2.3. Characterization

The reed roots with and without Fe–Mn plaques attached were examined by SEM using an S-3500N instrument (Hitachi High-Technologies). Before being examined, the samples were sputtering coated with gold and palladium for 45 s using a Quorum Polaron SC7620 mini-sputter coater (Quorum Technologies Ltd., East Sussex, UK) to decrease charging effects inside the microscope [16].

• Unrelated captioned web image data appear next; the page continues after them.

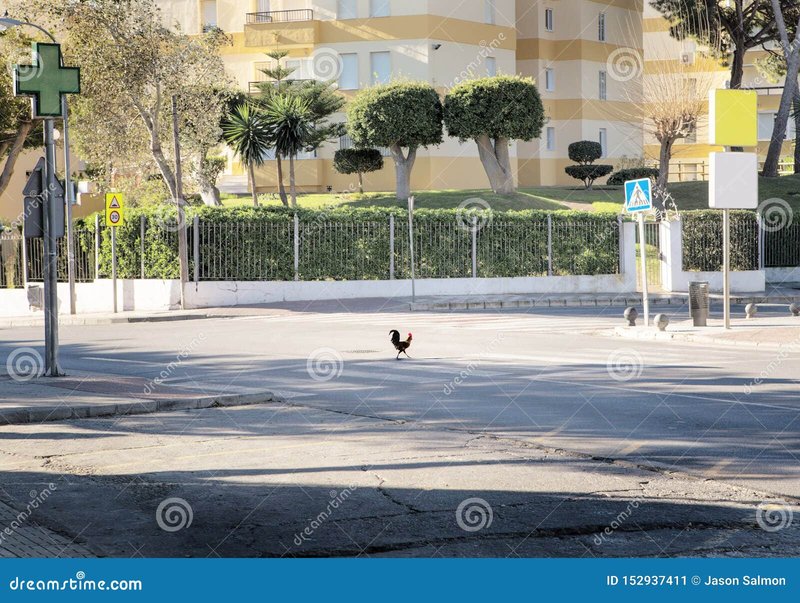 Best chicken road online in Spain Best chicken road online in Spain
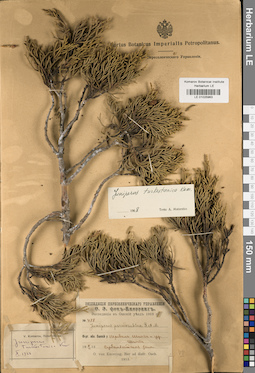 LE 01025963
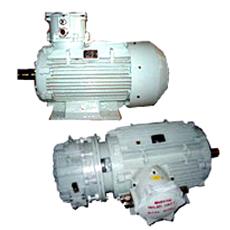 Flp Motor Of Range 0.25 Kw To 50.00 Kw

The electron binding energies and the oxidation states of iron and manganese in the plaques were determined by XPS using a Shimadzu ESCA-lab-220i-XL instrument (Shimadzu, Kyoto, Japan) using monochromatized Alkα X-rays at 1486.4 eV.

Freeze dried Fe–Mn plaque samples before and after inorganic and organic phosphate had been adsorbed by plaques were analyzed by FTIR. Each sample was mixed with spectral grade KBr at a weight ratio of 100:1 and pressed to form a disk. The disks were analyzed using a Nicolet 6700 FTIR spectrometer (Thermo Fisher Scientific, Waltham, MA, USA). The FTIR spectra over the range 4000–500 cm⁻¹ were acquired and the functional groups in the samples were identified.

2.4. Adsorption Kinetics

Tests were performed to investigate the kinetics of inorganic and organic phosphate adsorption by the Fe–Mn plaque powder. First, 0.1 g Fe–Mn plaque powder was added to 200 mL solutions containing 6 mg/L inorganic or organic phosphate at pH 7.0 in a 250 mL conical flask. The conical flasks were agitated at 120–130 rpm using a mechanical orbital shaker at 298 K. An aliquot of the solution in each test was sampled at each specified time intervals (5 min, 10 min, 20 min, 30 min, 1 h, 2 h, 4 h, 8 h, 16 h, and 24 h) and passed through a 0.45 μm polycarbonate membrane filter, then the inorganic phosphorus concentration was determined using an ammonium molybdate spectrophotometric method and the total phosphorus concentration was determined using an alkaline potassium persulfate digestion spectrophotometric method, using a Sunny Hengping Instrument 752 ultraviolet visible spectrophotometer (Sunny Hengping Instrument, Shanghai, China) at wavelength of 700 nm. The organic phosphorus concentration was defined as the difference between the total phosphorus and inorganic phosphorus.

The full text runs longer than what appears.